[MATERIAL PROVIDED — start]

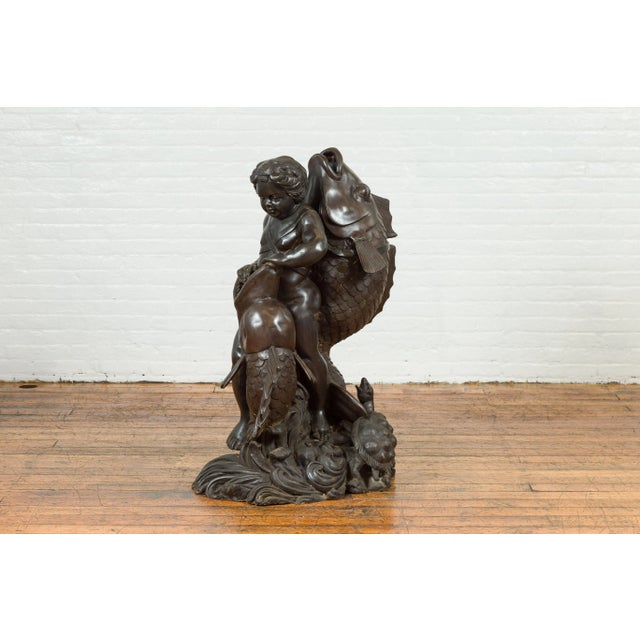 Metal Mid 20th Century Greco-Roman Style Bronze Putto Riding a Dolphin Fountain For Sale - Image 7 of 13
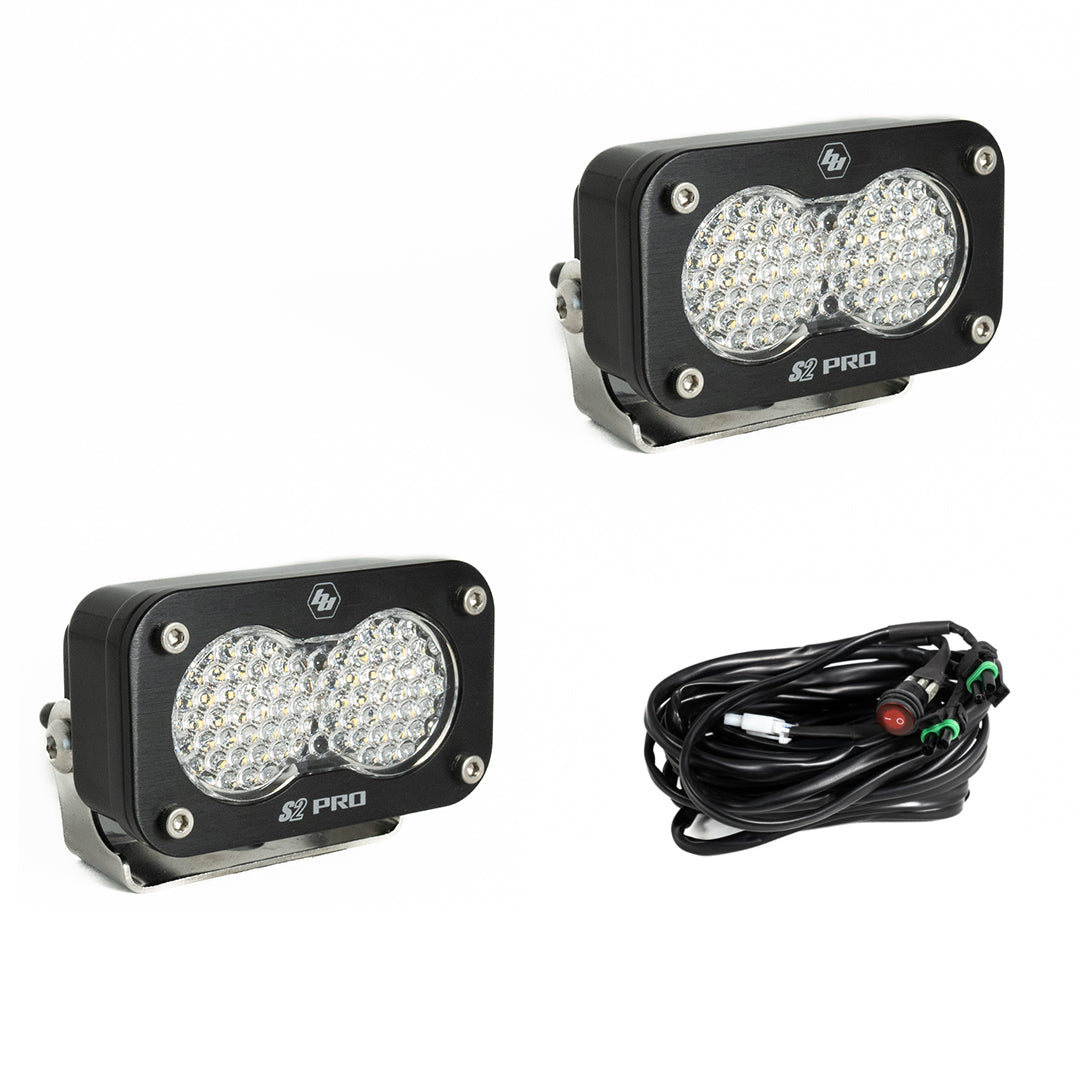 Baja Designs S2 Pro Black LED Light Pod Pair (Work/Scene; Clear) by Baja Designs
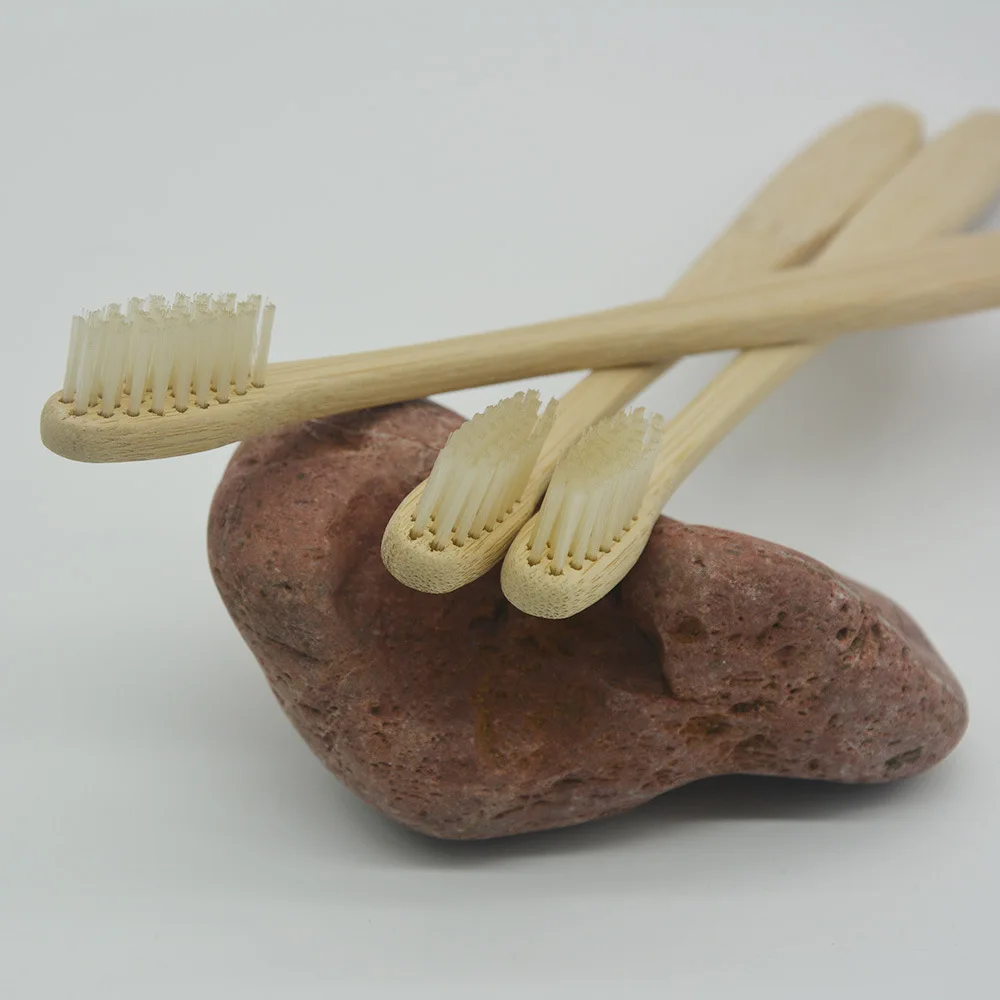 White Small Head Bamboo Toothbrush Entirely Natural Bamboo Handle Medium Hair Toothbrush with Cassette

[MATERIAL PROVIDED — finish]

**ASSIGNMENT:** The material above should be returned exactly, without pictures.

**EXERCISE ANSWER:**
 Metal Mid 20th Century Greco-Roman Style Bronze Putto Riding a Dolphin Fountain For Sale - Image 7 of 13
 Baja Designs S2 Pro Black LED Light Pod Pair (Work/Scene; Clear) by Baja Designs
 White Small Head Bamboo Toothbrush Entirely Natural Bamboo Handle Medium Hair Toothbrush with Cassette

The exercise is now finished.